# Bathing Machines of the 19th Century



## SeaBreeze (Jun 30, 2016)

Bathing machines for women to change into their swim suits.  More here. 



> Back in the 18th and 19th century, the ladies just couldn't strip to their swimwear and run towards the waves on the beach. There are certain sea-side etiquettes that needed to be observed and decorum to be maintained. Getting oneself seen in their bathing costumes by the members of the opposite sex was certainly not one of them.
> 
> To help women maintain their modesty and dignity, a simple contraption called the “bathing machine” was developed. A bathing machine resembled a wooden changing room commonly seen on beaches, but larger in size, and raised on wheels and with steps leading to the inside.
> 
> The female bather would enter the small room of the machine while it was on the beach, wearing their street clothing. In the privacy of the machine, she would change into her bathing dress, which was exceedingly modest compared to today’s standards, and place her street clothes into a raised compartment where they would remain dry


----------



## Ruth n Jersey (Jun 30, 2016)

I never saw or heard of anything like that,very interesting.  Those wheels look so heavy. I guess they used the horses to move them to and from the water. One nice feature was the fact you didn't have sandy feet trying to get into your clothes when you were done swimming.


----------



## SeaBreeze (Jun 30, 2016)

They did use horses, another picture from the webpage.


----------



## jujube (Jun 30, 2016)

Those babes were practically wearing bikinis compared to what some of the Victorian ladies wore, which were heavy wool knee-length "bathing dresses" with high necks, long sleeves, black stockings and water shoes.  I would imagine that if a wave knocked them over, they'd be hard put to get up in those heavy outfits, never less climb back into the bathing machines.  Heaven help if a man got a glimpse of a naked ankle or an enticing elbow.  Men were such beasts, y'know.

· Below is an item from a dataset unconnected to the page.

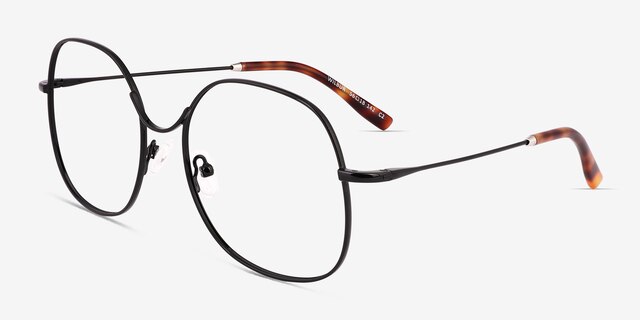 Wilbur Black MetalEyeglass Frames from EyeBuyDirect, Angle View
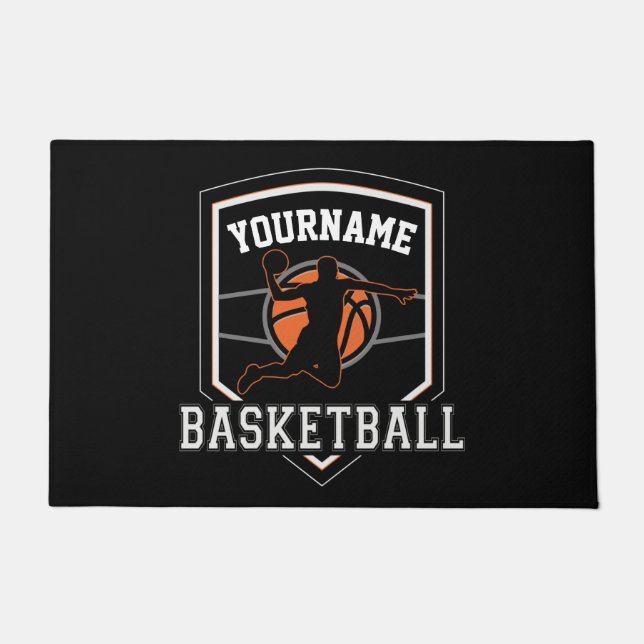 Personalised Basketball Player NAME Slam Dunk Team Doormat (Front)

No wonder the Victorians were so messed-up sexually and had pretty nasty pornography.  Legs, of course, were strictly off-bounds and were never seen.  In fact, Victorian ladies didn't even _have_ legs; they had "nether limbs", assuming they were so depraved as to refer to them at all.  In many a Victorian household, the table and piano legs had frilly little pantaloons on them.  You couldn't have the sight of all those ..... gasp.... LEGS...... getting the hubby all jumpy in the trousers.  When Victoria wanted to keep something a Secret, it was locked up tighter than the Bank of England.


----------